◆ ACTION ITEM
Your copy of the entries below should hold exactly the lines from the one containing "丁圣元期货市场技术分析,期货市场技术分析全套课" to the one containing "从全球营收前两大的半导体设备", inclusive, and no pictures.

◆ STUDY MATERIAL

##############################

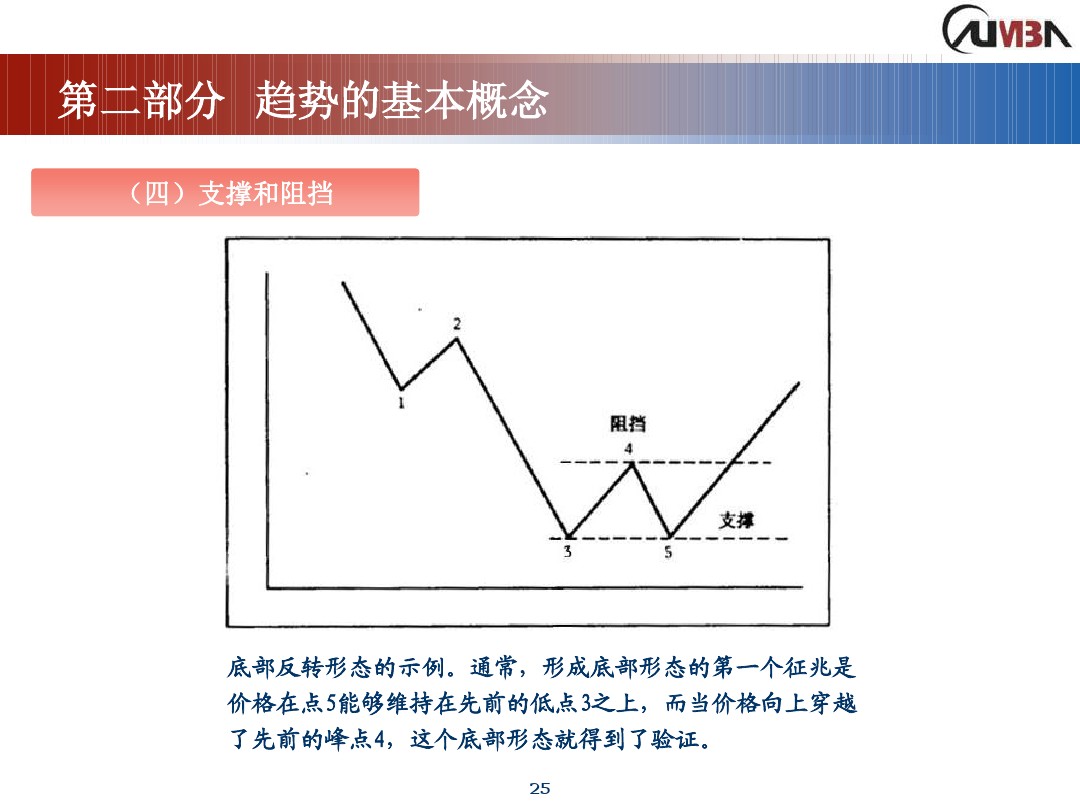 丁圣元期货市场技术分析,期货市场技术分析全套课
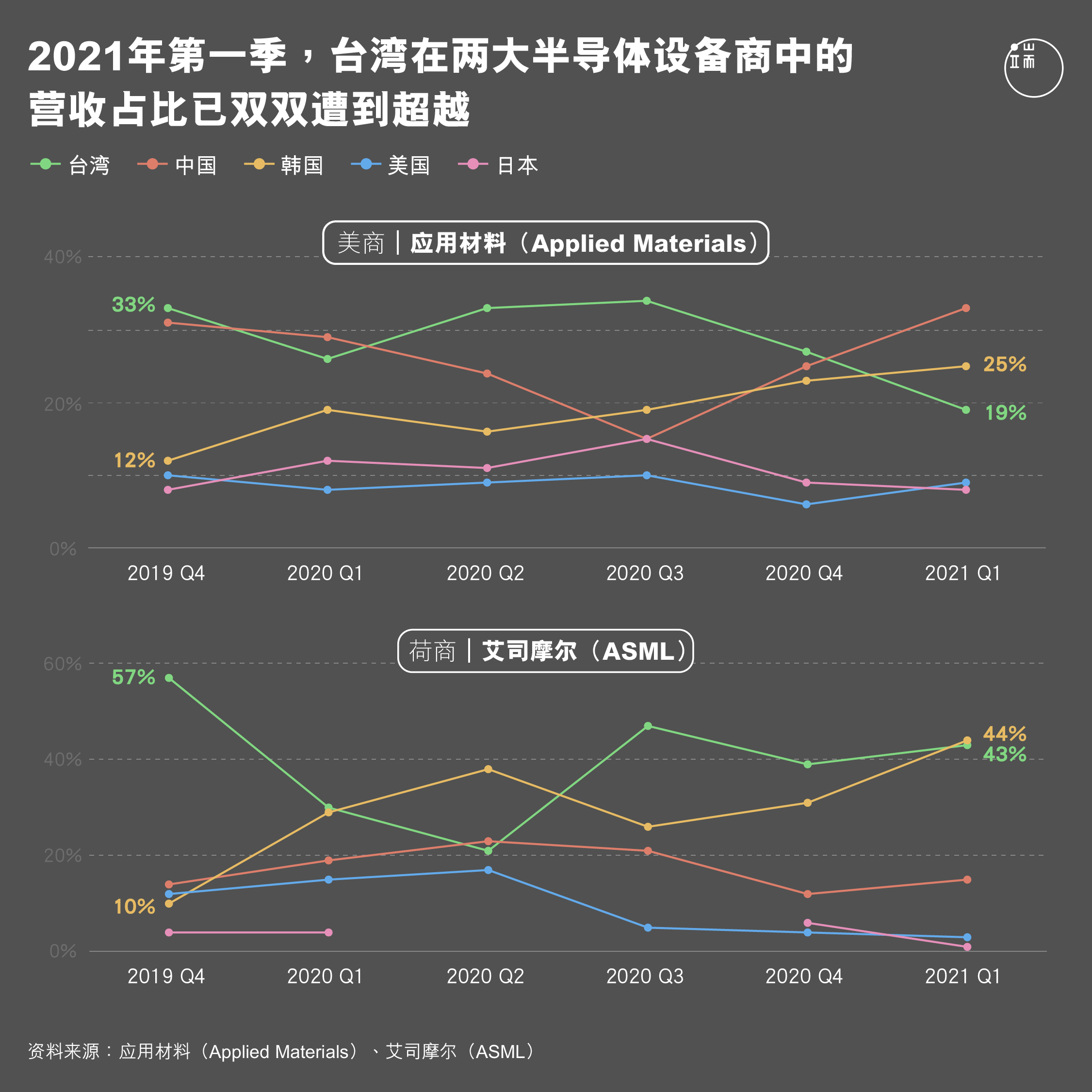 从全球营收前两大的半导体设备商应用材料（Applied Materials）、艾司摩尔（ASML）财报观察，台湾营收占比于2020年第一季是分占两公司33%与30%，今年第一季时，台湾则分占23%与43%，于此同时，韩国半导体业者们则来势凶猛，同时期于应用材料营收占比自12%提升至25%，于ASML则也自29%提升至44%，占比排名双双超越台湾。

##############################

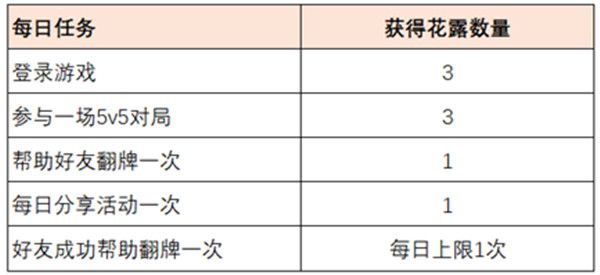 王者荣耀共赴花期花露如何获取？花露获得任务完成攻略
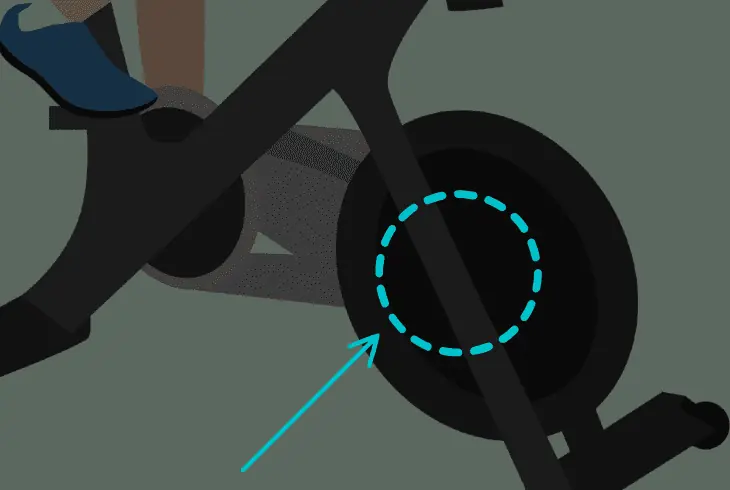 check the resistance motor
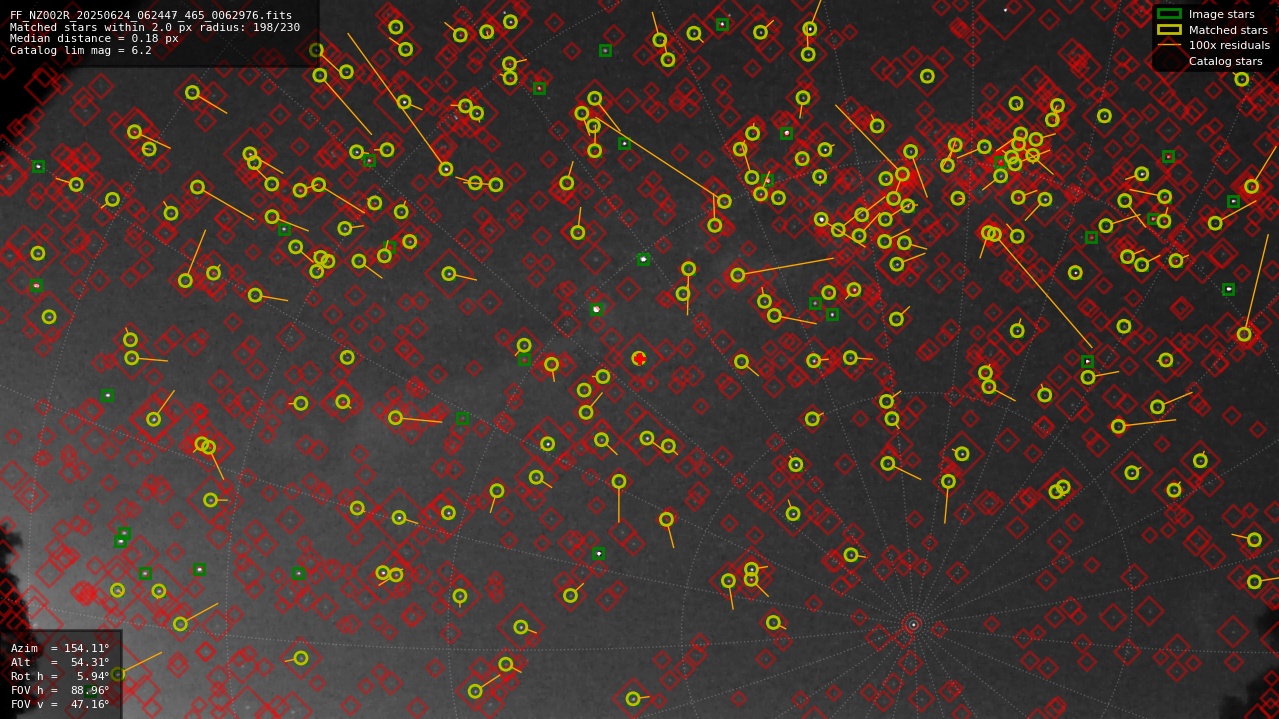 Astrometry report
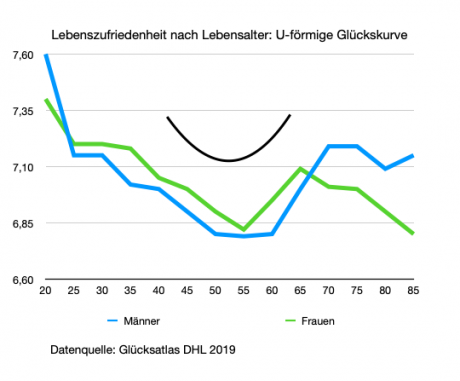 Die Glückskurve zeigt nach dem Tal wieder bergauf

##############################

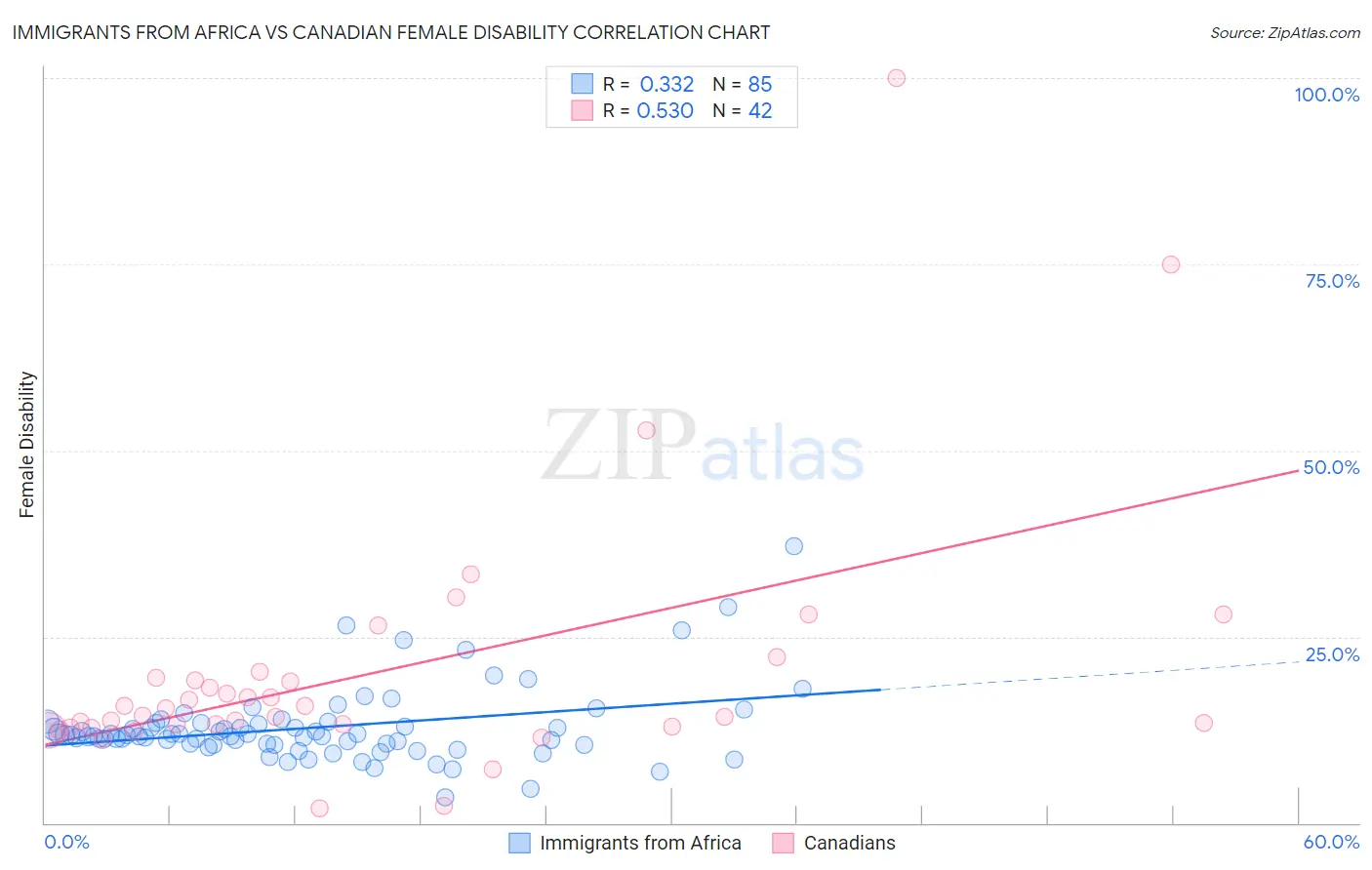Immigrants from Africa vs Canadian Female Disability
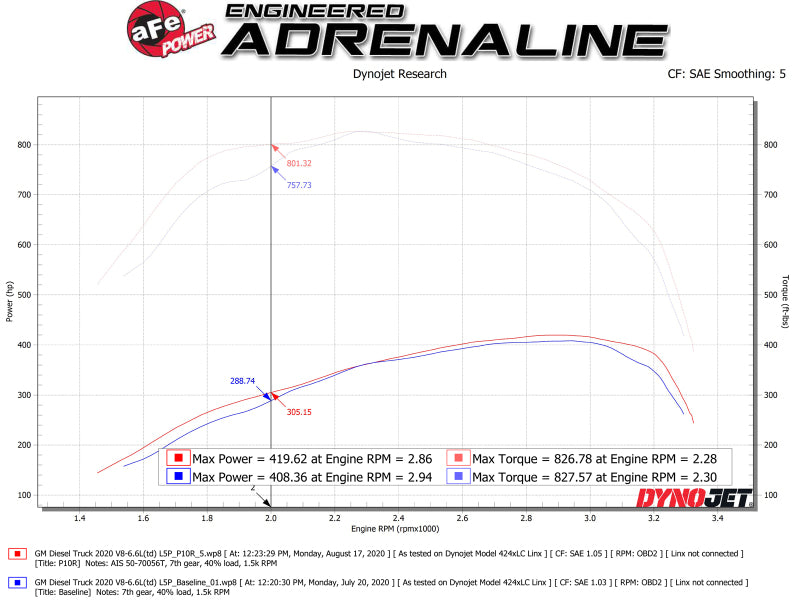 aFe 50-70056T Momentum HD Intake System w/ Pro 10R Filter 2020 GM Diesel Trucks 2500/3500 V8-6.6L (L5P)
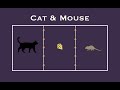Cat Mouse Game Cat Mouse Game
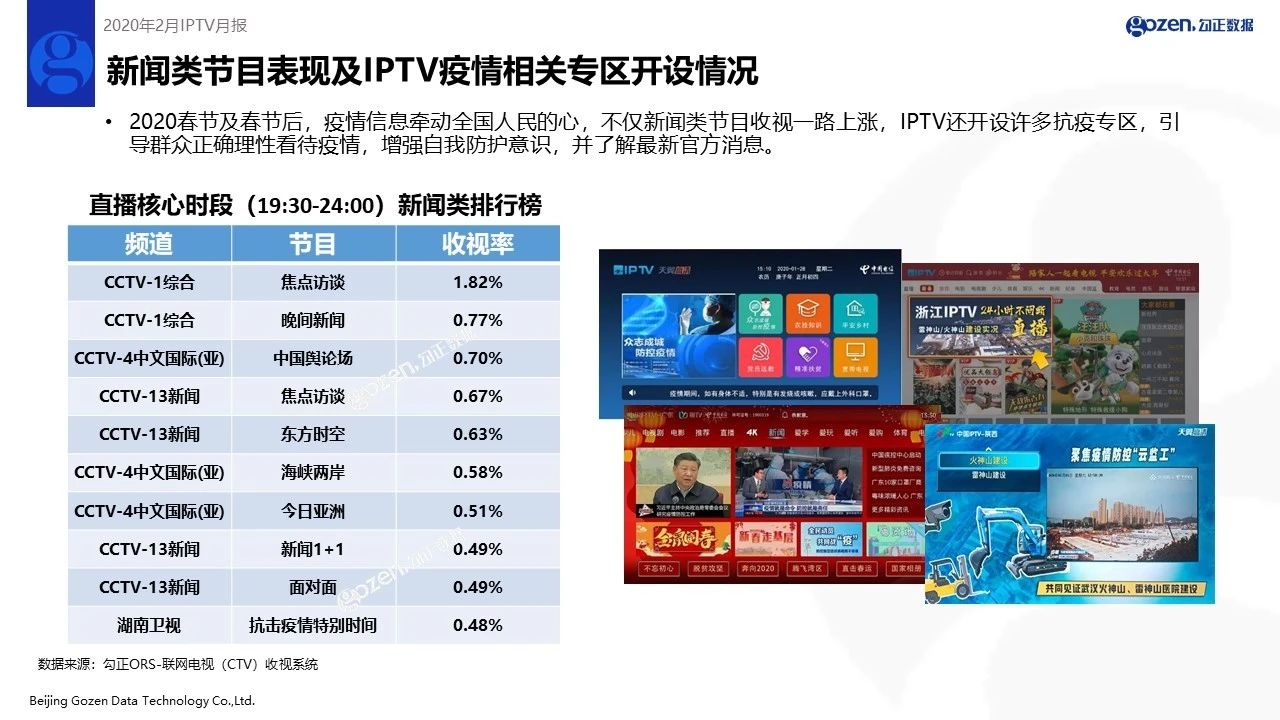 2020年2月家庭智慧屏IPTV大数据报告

##############################

◆ ANSWER TO THIS PROBLEM
 丁圣元期货市场技术分析,期货市场技术分析全套课
 从全球营收前两大的半导体设备商应用材料（Applied Materials）、艾司摩尔（ASML）财报观察，台湾营收占比于2020年第一季是分占两公司33%与30%，今年第一季时，台湾则分占23%与43%，于此同时，韩国半导体业者们则来势凶猛，同时期于应用材料营收占比自12%提升至25%，于ASML则也自29%提升至44%，占比排名双双超越台湾。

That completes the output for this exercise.